## Problem requirements
Retype the listing exactly. Leave out the images.

## Given material

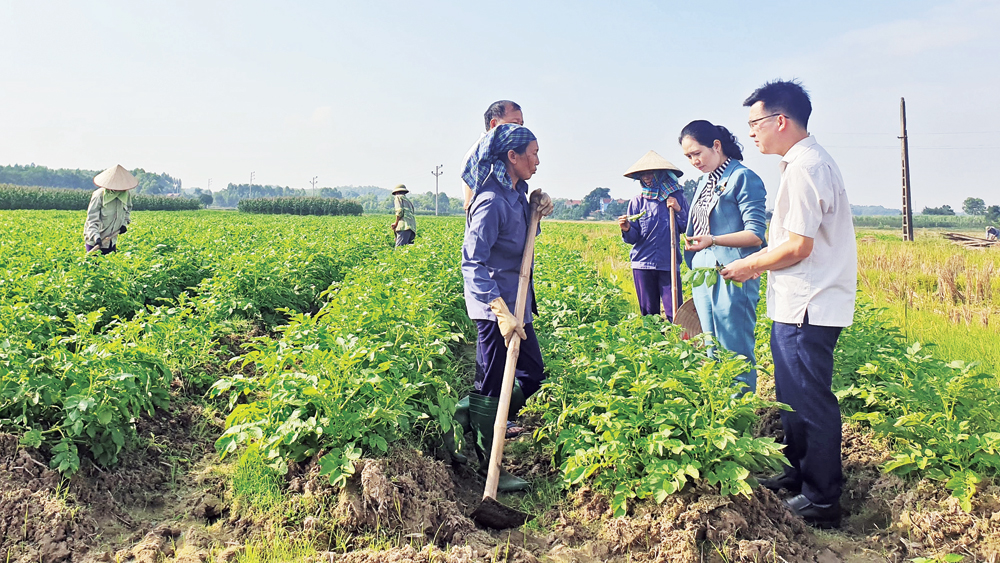  Cán bộ, đảng viên Chi bộ thôn Cây Táo Tân Thành, xã Tân Hưng (Lạng Giang) thăm mô hình sản xuất của người dân.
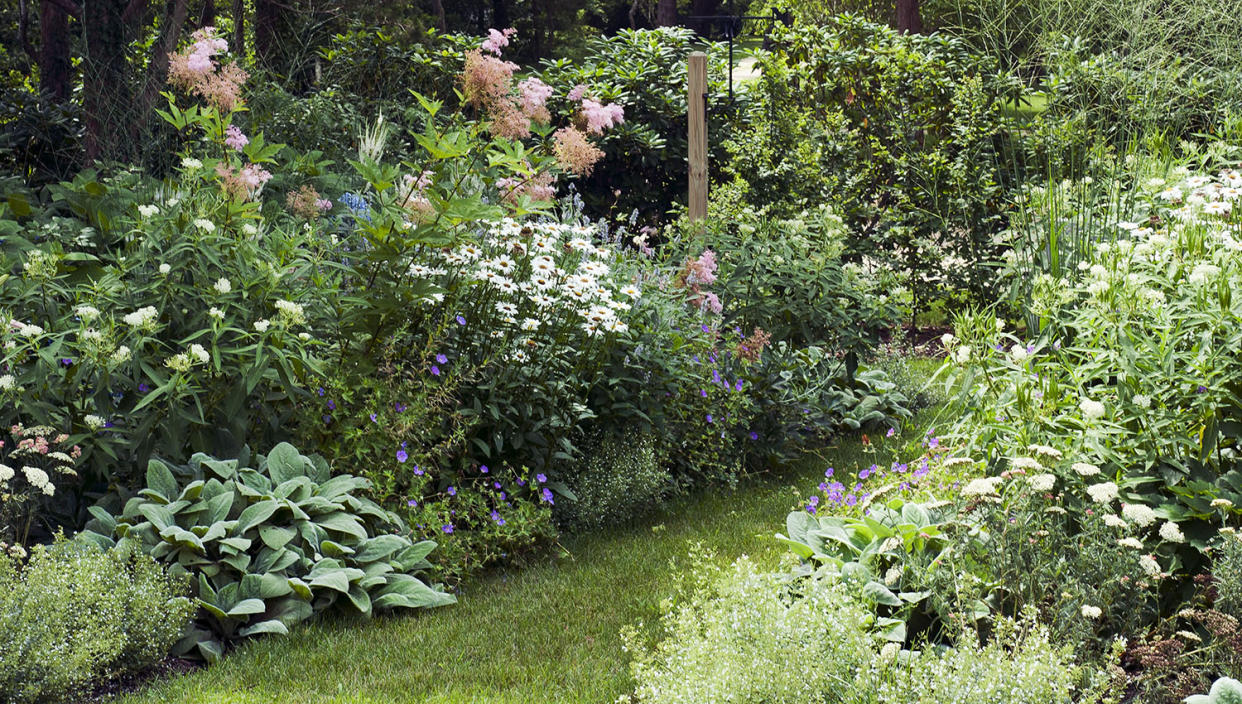  Flower garden with large pink rose bush. 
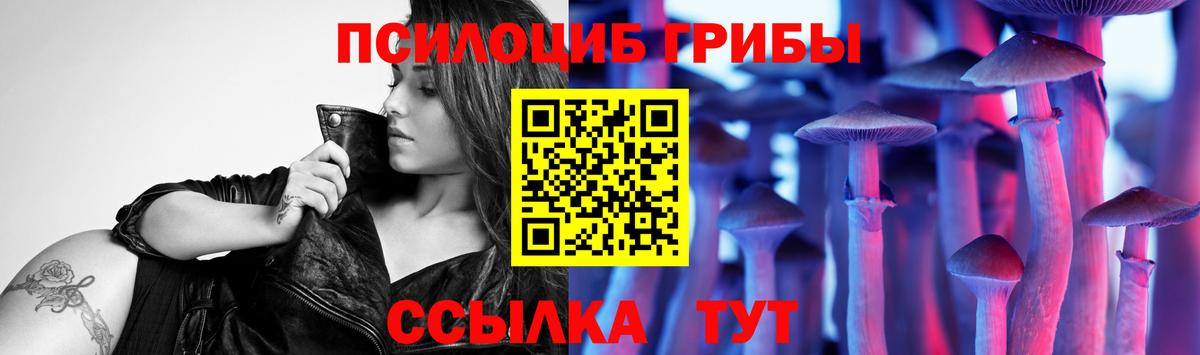 Галлюциногенные грибы мицелий  купить закладку  Удомля  Вход с VPN  Галлюциногенные грибы Cubensis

## Output
  Cán bộ, đảng viên Chi bộ thôn Cây Táo Tân Thành, xã Tân Hưng (Lạng Giang) thăm mô hình sản xuất của người dân.
  Flower garden with large pink rose bush. 
 Галлюциногенные грибы мицелий  купить закладку  Удомля  Вход с VPN  Галлюциногенные грибы Cubensis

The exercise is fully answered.